Une cuisine sensible mais au service de la mémoire
Moderniser pour moderniser, n’est pas dans la façon de procéder du nouveau chef Giuliano Sperandio. Avant tout, il s’est plongé dans l’histoire de la Maison car il entend respecter l’esprit du Taillevent tout en restant fidèle à sa vision… volontairement imparfaite même si la cuisine se nourrit de sens, d’assaisonnements, de garnitures travaillées. La technique s’efface devant l’évidence du produit : le bœuf soyeux s’offre une coupe épaisse, l’huitre se sert à tous les stades de maturité… un engagement pour l’artisan et le plaisir « d’éclairer » ses hôtes. Il préfère l’instinct et le ressenti à aux excès de perfection et de style qui brident la créativité et l’émotion.

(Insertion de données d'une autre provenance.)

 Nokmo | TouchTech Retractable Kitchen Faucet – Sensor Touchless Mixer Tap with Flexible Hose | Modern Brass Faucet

Les plats emblématiques s’offrent une nouvelle signature : le boudin de crustacés puis de homard retrouve fraîcheur avec des langoustines juste tiédies servies sur un lit de courgettes ; la quenelle laquée à la sauce Nantua est parfumée d’un poivre de verveine, émulsion de crustacés servie à la minute en salle. Mais le Chef veut un fil conducteur solide, travailler le palais crescendo et à bon escient : à chaque entrée son amuse-bouche, à chaque produit élargir le champ des possibles : cru, snacké, assaisonné, à force d’herbes et d’aromatiques qui viennent révéler les multiples personnalités d’un même énoncé.

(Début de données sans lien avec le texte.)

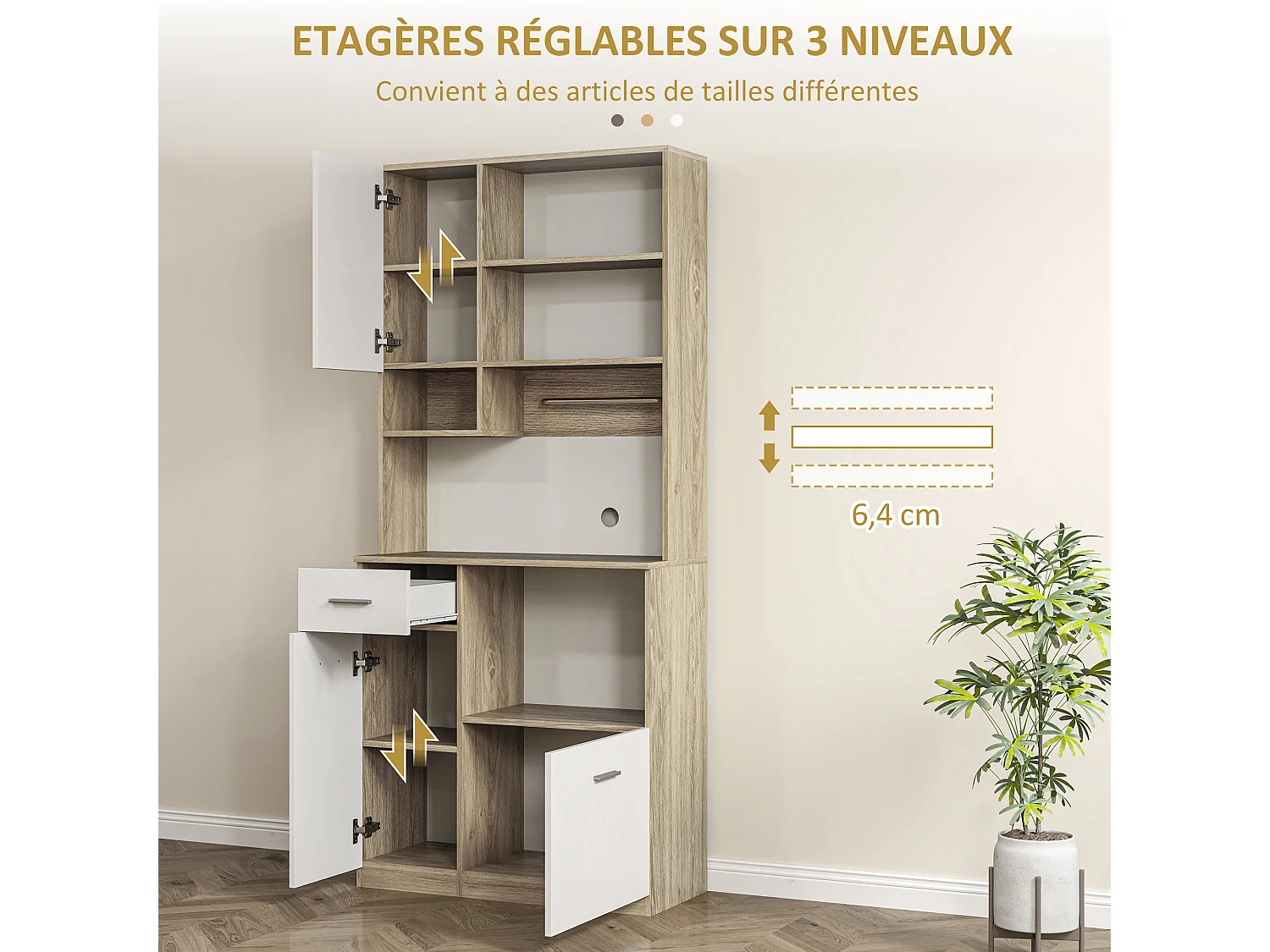 Buffet haut de cuisine - 3 portes, 2 étagères, 4 niches, tiroir, grand plateau - blanc effet bois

La chef pâtissière, Emilie Couturier, est exigeante. Après un apprentissage au Domaine Les Crayères, c’est au Clarence qu’elle rencontre Giuliano Sperandio. Elle a une pâtisserie de l’instinct, sans carte et en totale improvisation. Si la Maison garde trois desserts iconiques (crêpes Suzette et deux soufflés), la jeune chef va surprendre avec d’autres saveurs et textures. Comme pour le Chef Giuliano Sperandio, elle a cette démarche de privilégier un fil rouge… une fantaisie d’équilibriste comme le crémeux d’un riz au lait à la noix de coco, accompagné d’une bille de meringue à la crème vanille et confit de citron ou une glace au lait de riz pour le pschiiiit de fraîcheur. Le dessert reste digeste sans regretter d’y avoir cédé.
Service à la française
Le Taillevent a bâti sa réputation sur un service d’excellence et d’exigence… des rituels qui sont plus qu’un énoncé de plat mais une démarche d’attentions exclusives et d’échange, le chef Giuliano Sperandio a pensé la nouvelle carte de cette manière. C’est dans la salle que se déroule le dernier tour de magie d’une recette : découpes, flambages, assaisonnements délivrés à la minute ou décanter le vin à la bougie… l’intelligence et la noblesse de la main.
Depuis début 2020, Baudouin Arnould est le nouveau directeur du restaurant. Il offre toute la mesure de son talent, son sens du détail et du savoir recevoir… élégance dans la discrétion tout en conservant une forme de convivialité indispensable au plaisir.
(Re)venir au Taillevent, c’est désormais s’offrir un peu du patrimoine sans en subir les lourdeurs, sans préjuger d’une table élitiste et ronronnante. L’alliance de Giuliano Sperandio et du Taillevent, c’est le mariage de la carpe et du lapin pour le meilleur.